Tuesday, 27 August 2019

Aesthetics and Life, and the Effects of Utilitarianism

Tintern Abbey

The faculty of aesthetic reasoning has been practically eliminated from the souls of men in the age of materialistic utilitarianism. Neither the liberal nor the Marxist, nor anybody formed by a bourgeois social milieu, can grasp the significance of activity that is not of straightforward material benefit. “Material benefit” is, of course, variously defined; but the goods valued most highly by bourgeois society - which includes Marxism - never rise above the material. To the degree that immaterial goods are valued by such society, it is always in subordination to material benefit. 

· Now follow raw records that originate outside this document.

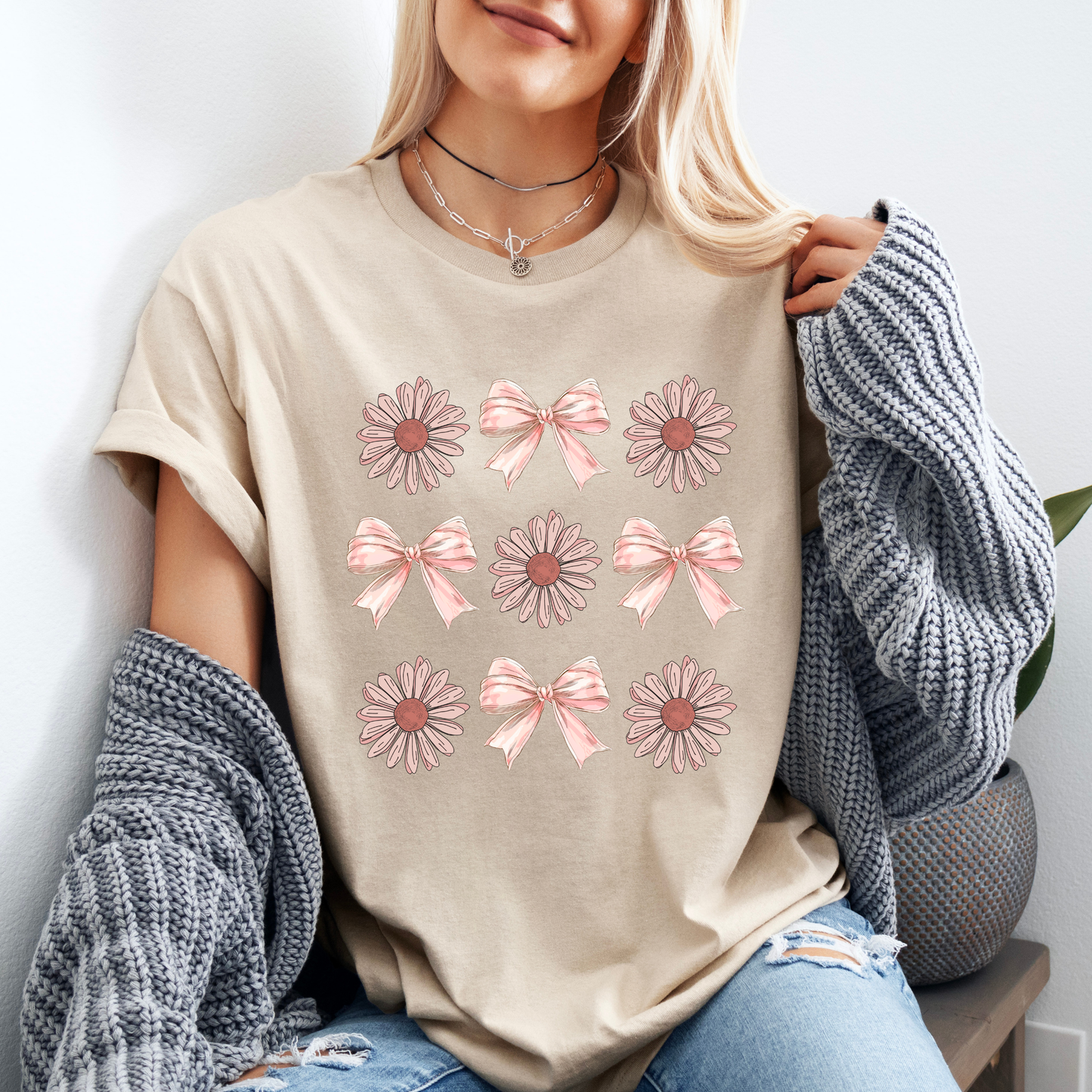 🌸 Pretty Petals & Pink Bows Tee 🎀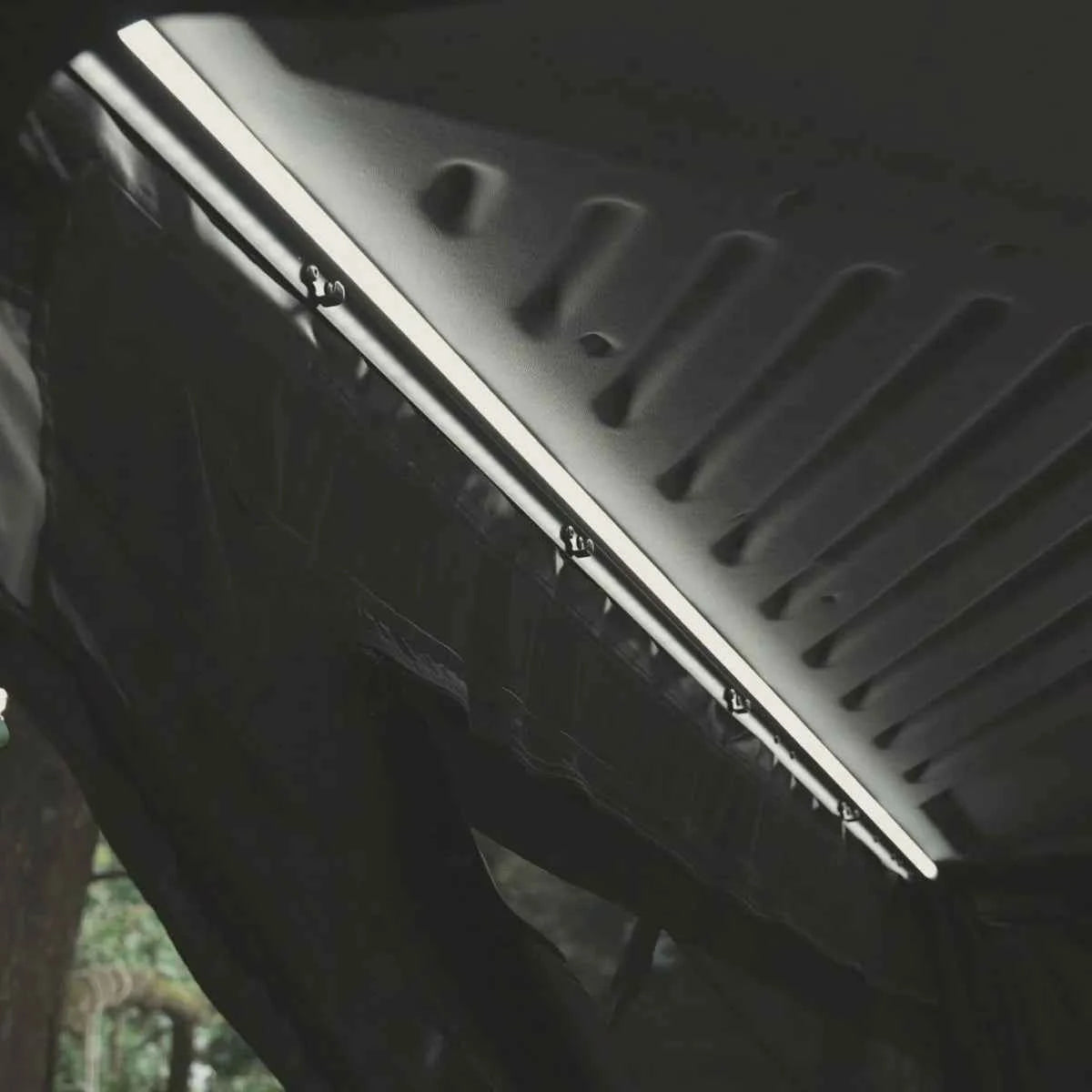 EYRIE Rooftop Tent – Your Elevated Escape Above the Road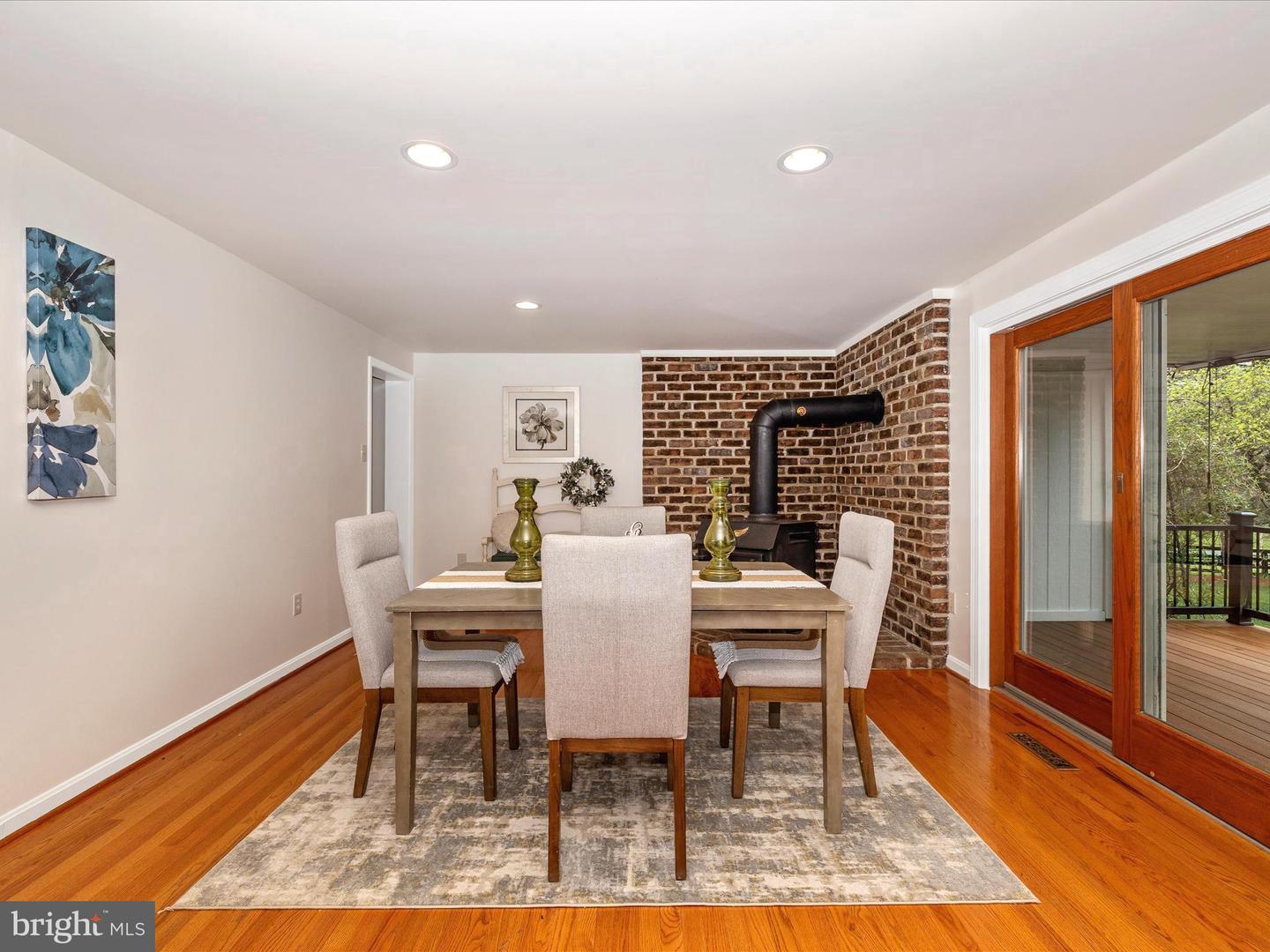 24330 Hilton Pl Property Photo 20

Undoubtedly, modern industrialization has itself destroyed a great many goods, not limited to the immaterial. Not only has it undermined man’s spiritual well-being, but it has deprived him of many of the basic material goods of health and vitality. The quality of food production has radically devolved, the wages of the working class consistently trail downward, and industrial agriculture has decimated and polluted the material environment, making it sometimes inhabitable by human life. All of this has been done for the sake of maximizing utility, usually for the sake of profit. Utilitarianism - technique - is the ethic of modernity.

But modernity is full of contradictions. It contains within its very utilitarianism, not only the tendency to decimate the natural health and vitality of the environment and the human body, but also the forces of resistance to this same process. These forces are no less imbued with the spirit of utilitarianism. These are the puritans, who react to the excesses of an addicted consumerist society with the most severe and legalistic spirit of categorical austerity. Utilitarianism is the ethic of both consumerist hedonism and austere puritanism, and many things that lie between them. 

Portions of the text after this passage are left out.